The research reported in this paper developed a conceptual model that provides linkages between macropolicy and microtype effects. The linkage is provided by including a farmer decision-making model. That model shows how farmers react to policy or technology changes through adjustments to land use and input use decisions. The simulation model produces results that can be aggregated for extrapolation beyond the actual case study area, thus making the model useful for policy analysis. Tradeoff curves are introduced as an analytical tool for summarizing large amounts of data and for illustrating the multiple effects of a given technology.

Although the conceptual model is applied in an economics, pesticide leaching, and health study of pesticide effects, the model is flexible and can be applied to other research questions such as fertilizer use, erosion, or output price adjustments. Since the model is statistically based, it can use data sets generated from various sources.

Selected Reading

Antle, J.M., S.M. Capalbo, and C.C. Crissman. 1994. Econometric production models with endogenous input timing: An application to Ecuadorian potato production. J. Agric. Res. Econ. 19(1):1-18.
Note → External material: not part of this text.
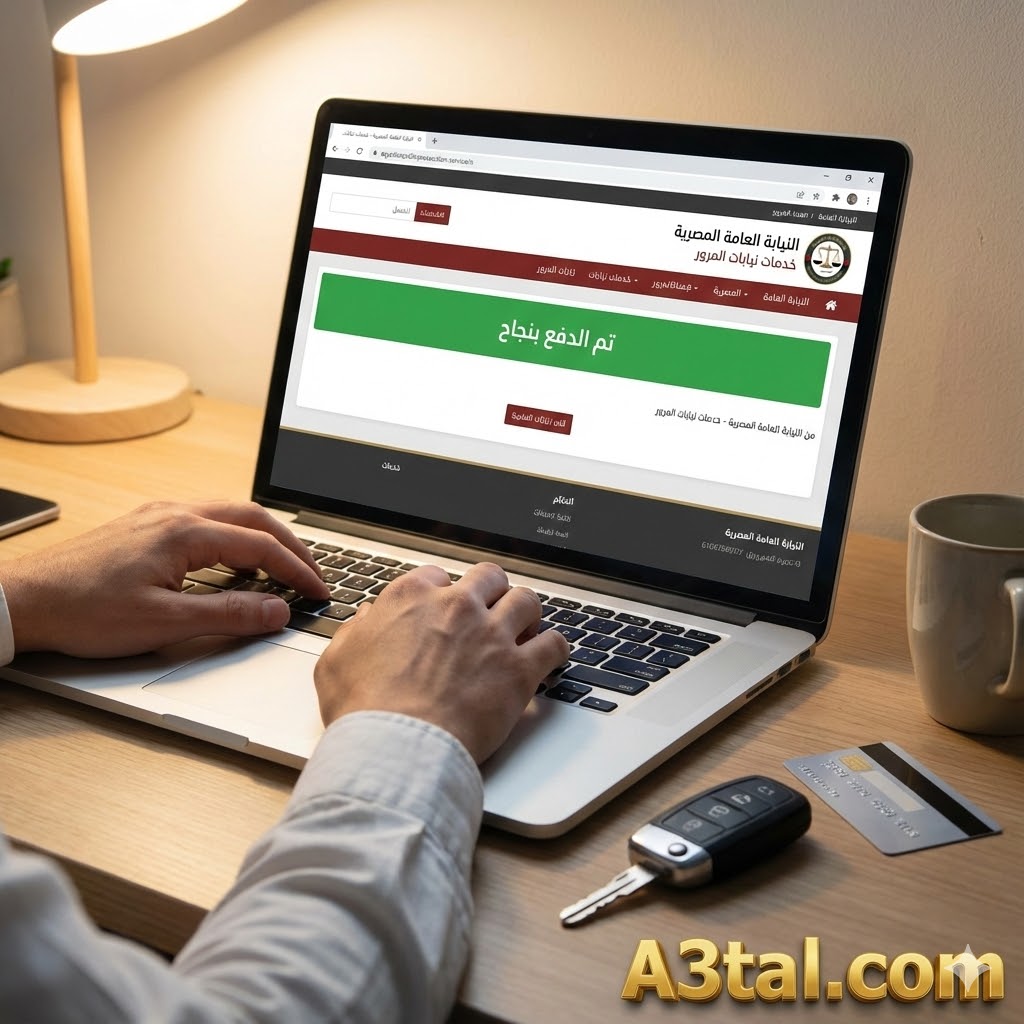 سداد مخالفات المرور مصر أونلاين والاستعلام عن الغرامات - موقع النيابة العامة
Antle, J.M., C.C. Crissman, R.J. Wagenet, and J.L. Hutson. 1996. Empirical foundations for environment-trade linkages: Implications of an Andean study. In: M.E. Bredahl, N. Ballenger, J. Dunmore, and T.L. Roe (eds.). Agriculture, trade, and the environment: Discovering and measuring the critical linkages. Boulder, Col.: Westview Press. p. 173-197.

Crissman, C.C., D.C. Cole, and F. Carpio. 1994. Pesticide use and farm worker health in Ecuadorian potato production. Am. J. Agric. Econ. 76(3):593-597.


1 CIP, Ecuador Liaison Office.
2 Montana State University, Bozeman, Montana, USA.